Tuesday 19th June 2018    


Learning shapes is an important task of early childhood. Our June intentional teaching objective is for the children to experience maths-based activities through play, including learning to identify and create shapes.  


A geo board is a manipulative tool used to explore basic concepts in geometry such as shapes, angles, measurement, area, and perimeter. Developing early mathematical skills will help children with problem solving, critical thinking, and learning spacial awareness. A simple geo board is not only an awesome STEM (Science, Technology, engineering and Maths) activity but it is also a wonderful tool for encouraging fine motor skills, creating art, exploring shapes, and developing visual skills.  


In addition to improving hand-eye coordination and muscle control, these boards were designed to increase children’s ability to concentrate and to also go from left to right, and from top to bottom. As a sensorial activity, working with geometric shapes is a great pre reading and pre writing activity. Children learn to see shapes and to name them, preparing them to see letters and numbers and to name them and eventually write them.

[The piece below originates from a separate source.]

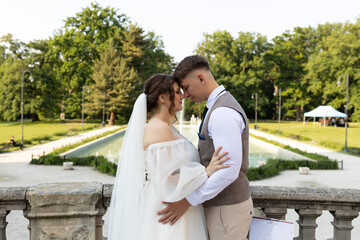 Bride and groom standing opposite each other with their heads nestled together. A couple in love...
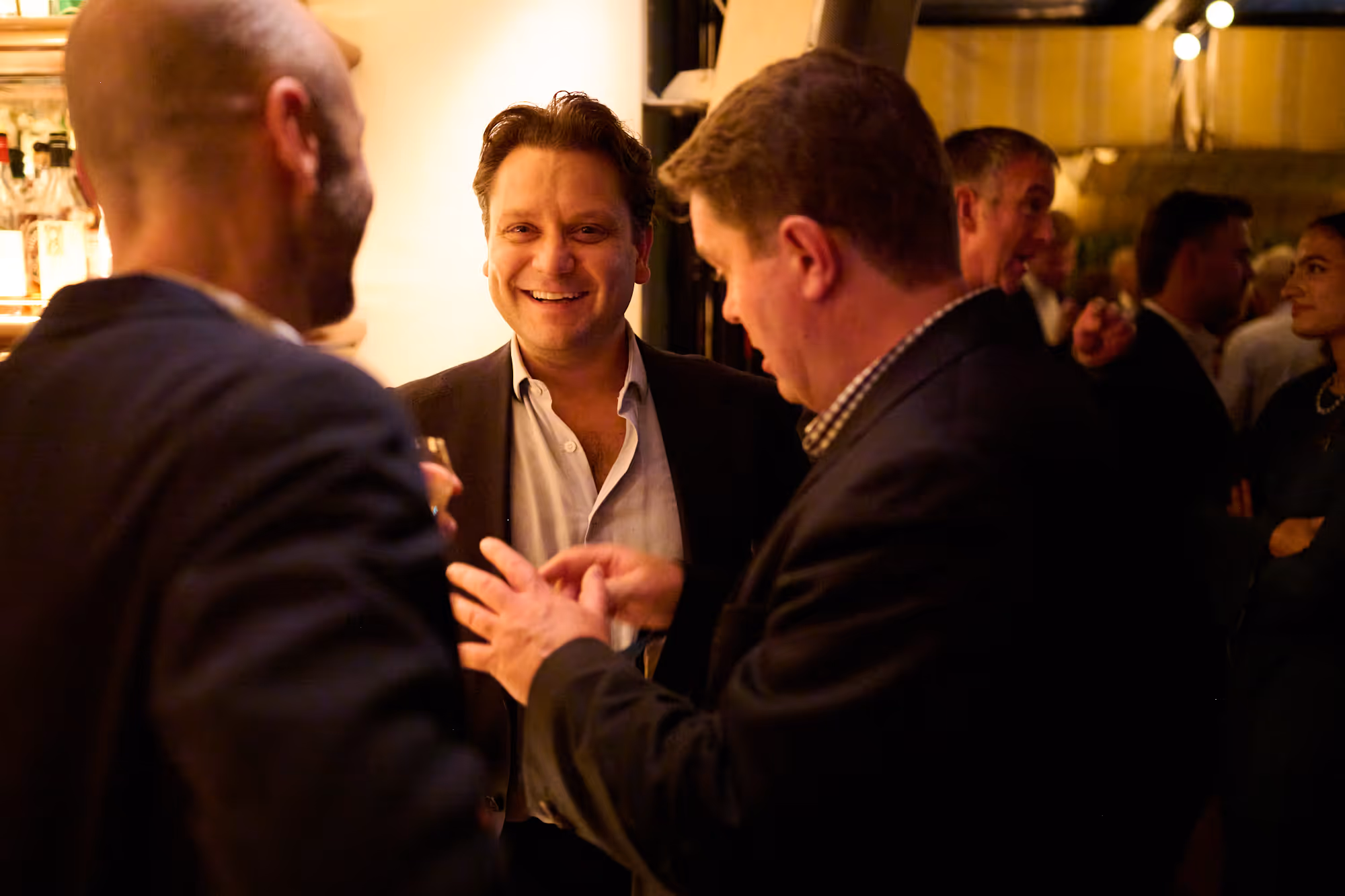 Three men laughing together in conversation.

Our team have applied some DIY today and prepared some boards made from wood chippings and nails. Our invitation to play encouraged the children to create geometric shapes and patterns. “I want to make a heart…I want to make a star.” Declared Teddy as he busily set about stretching the elastic over the nails from left to right and then right to left.  



“I want to make a star..one, two..three..four..five..six.” Charlie said as he numbered the star’s points on the diagram. “I move it this way…up and down.” He continued as he demonstrated how to make a star on the geo board. Charlie stretched the elastic bands over the nails so they sat tight from left to right, creating a line across the board. “My star.” Said Charlie. He was interested in placing ALL of the elastic bands over the board, almost as if he was trying to piece a puzzle together. Lola worked with Hazel and Ava to decide what they were going to make and supported each other’s learning through directions. Lola was successful at creating her two dimensional shape “Here is my triangle…three. One side is long.” Revealed Lola. Hazel and Olivia wanted to make squares and compared their designs. Oscar wanted to stretch the elastic band as far as it could go across the board before it snapped.

The educators encouraged the children to begin by creating lines starting at the top and side of the board until they could make shapes by joining these lines together. They simply noticed that a rubber band stretched between two pegs automatically fits into a straight line. Through making line segments, children observe that some pairs of pegs are farther apart than others. They see that by putting a rubber band around a peg and pulling it in two directions, they create a corner (or angle). The educators used certain terminology and found natural occasions to give children the language that can help them to communicate mathematically. The rich mathematical structure of the geoboard has for the most part enabled the children to discover mathematical properties with little or no direction from us.


While watching the children explore shapes and angles, we noticed that they unintentionally made a square and triangle. It was amazing to see the children’s excitement, all from a few nails and wood off cuts. We spent the most part of the afternoon creating shapes at different angles and within each other. Watching the children work on their geo boards gives us a sense of how they approach a mathematical problem. Their thinking can be “seen,” in so far as that thinking is expressed through their movement of rubber bands. 

This activity was great in assisting the children to find the surface area of shapes. We could extend this activity by adding coloured elastic bands, using ribbon and shoelaces to further challenge fine motor development and dexterity.